Мы идем по древним переулкам Мадрида и держим друг друга за руки — не из любви, а по старой привычке.
— Придется взять курево назад в Париж, — говорит Майкл.
— Почему?
— Потому что здесь нет возможности его прилично загнать.
— Почему?
— Ты же слышала, что я сказал.
— Да, но почему нет возможности?
— Отвяжись, Кристина, не начинай все сначала.
Мы разнимаем руки и идем, не говоря ни слова. Только тяжесть и магнетизм тишины спасают нас от окончательного исчезновения.
В тот же вечер я подхожу к зеркалу. Кого я там вижу? Кристину? Мамину дочку?
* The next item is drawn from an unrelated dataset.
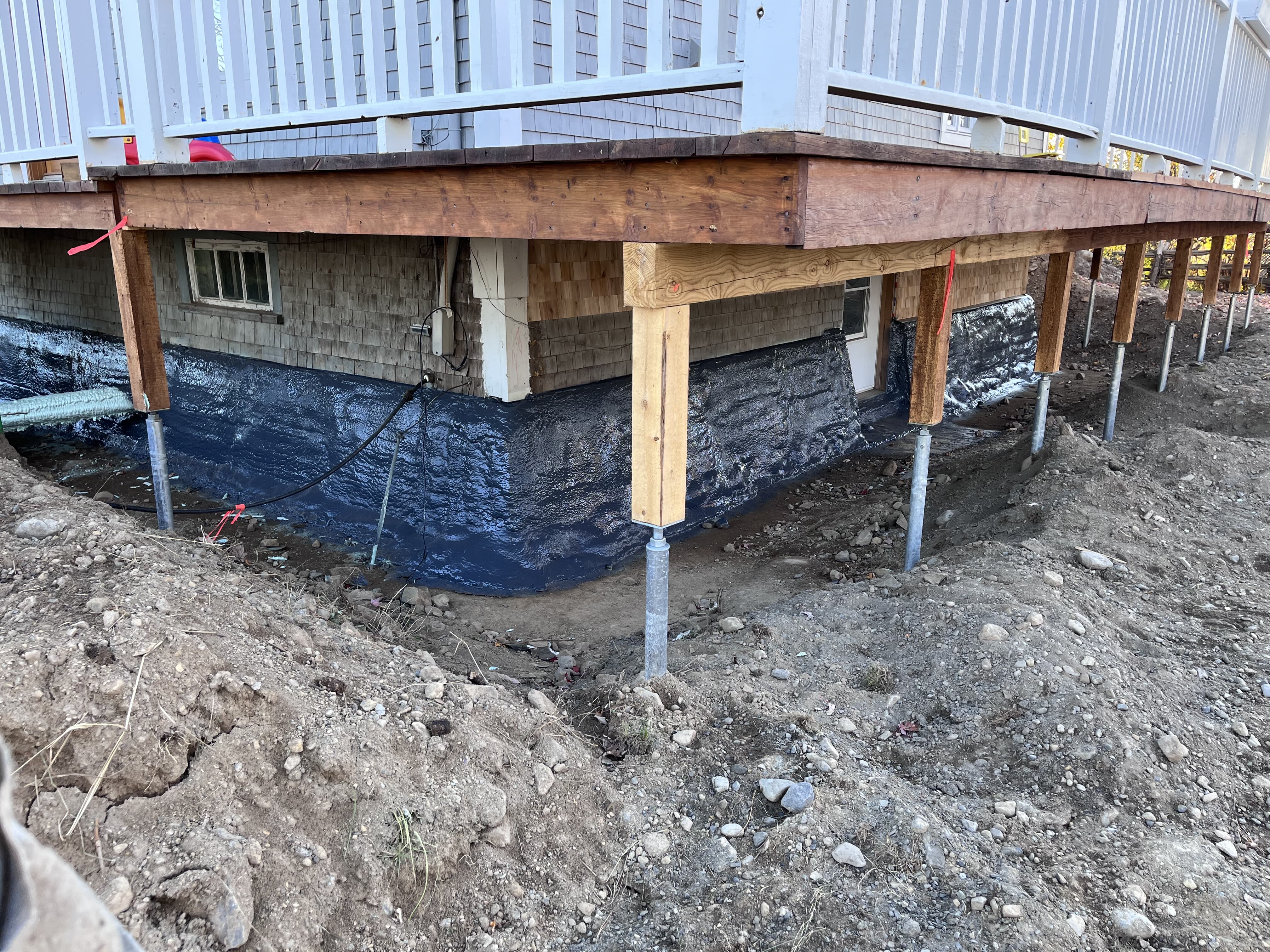 Images Pieux vissés Éco Pieux Bas St-Laurent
Нет, в зеркальном отражении я вижу маму, она поднимает руку, чтобы дать мне пощечину. Наверное, это один из признаков старения — видеть в собственном отражении мать.
— Я, наверное, уеду в Штаты, — говорит Майкл.
Я молча отхожу к окну. Отсюда виден задний двор — переполненные мусорные баки, яркие кусты бугенвилля… Майкл. Он уезжает, оставляет меня, мне это не раз уже снилось. Я улыбаюсь — какая разница? Уезжает. Все равно ничего не осталось. Майкл деградирует, как и все деградирует на этой земле. Нас выбросили из комнаты в Бельвиле. Он уже не в состоянии работать, как прежде. Он курит марихуану и глотает спид[38]. Возможно, оплакивает ушедшую любовь и нерожденного ребенка. Он деградирует, и что за разница, уедет он или останется?